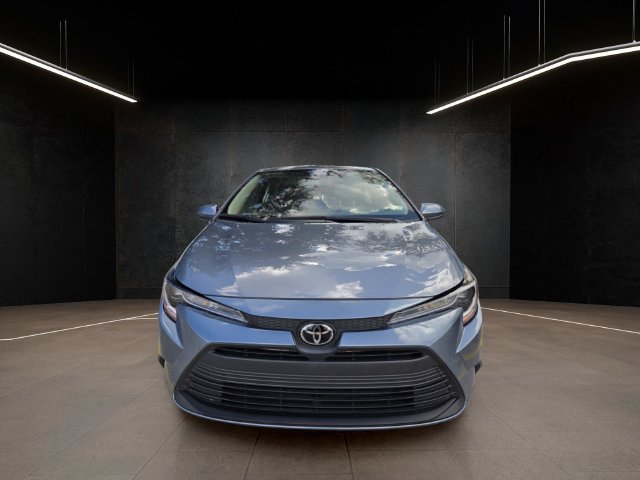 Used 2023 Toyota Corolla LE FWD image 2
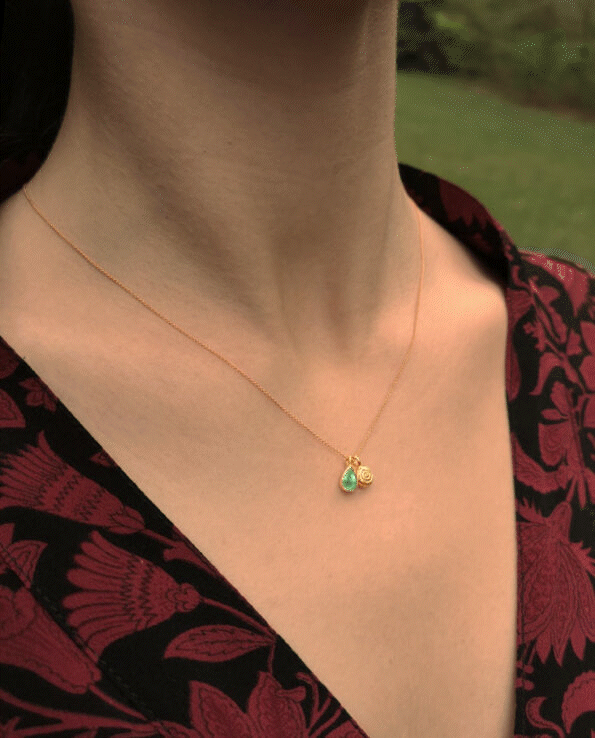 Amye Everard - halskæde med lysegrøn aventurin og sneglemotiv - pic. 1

==

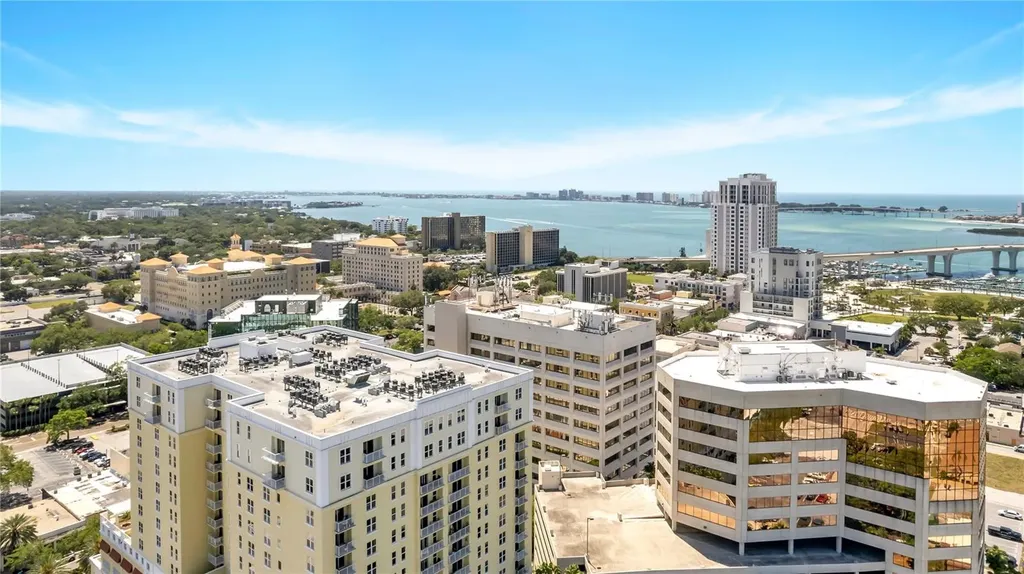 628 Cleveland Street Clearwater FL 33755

==

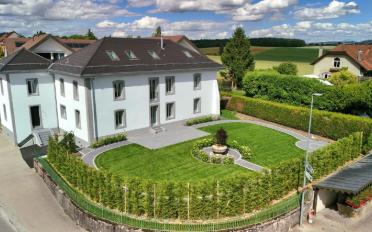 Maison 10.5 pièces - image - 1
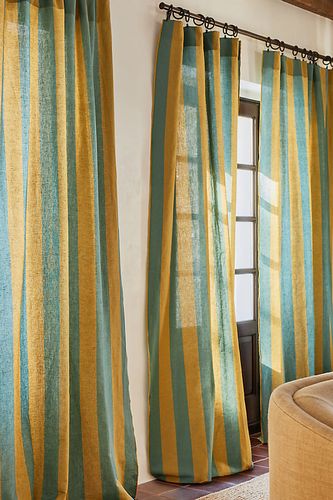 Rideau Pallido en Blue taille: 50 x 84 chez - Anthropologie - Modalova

**EXERCISE DESCRIPTION**:
Range to copy from the listing above: the line with "Used 2023 Toyota Corolla LE FWD image 2" through the line with "Amye Everard - halskæde". Transcribe it exactly and skip the pictures.

**TASK SOLUTION**:
 Used 2023 Toyota Corolla LE FWD image 2
 Amye Everard - halskæde med lysegrøn aventurin og sneglemotiv - pic. 1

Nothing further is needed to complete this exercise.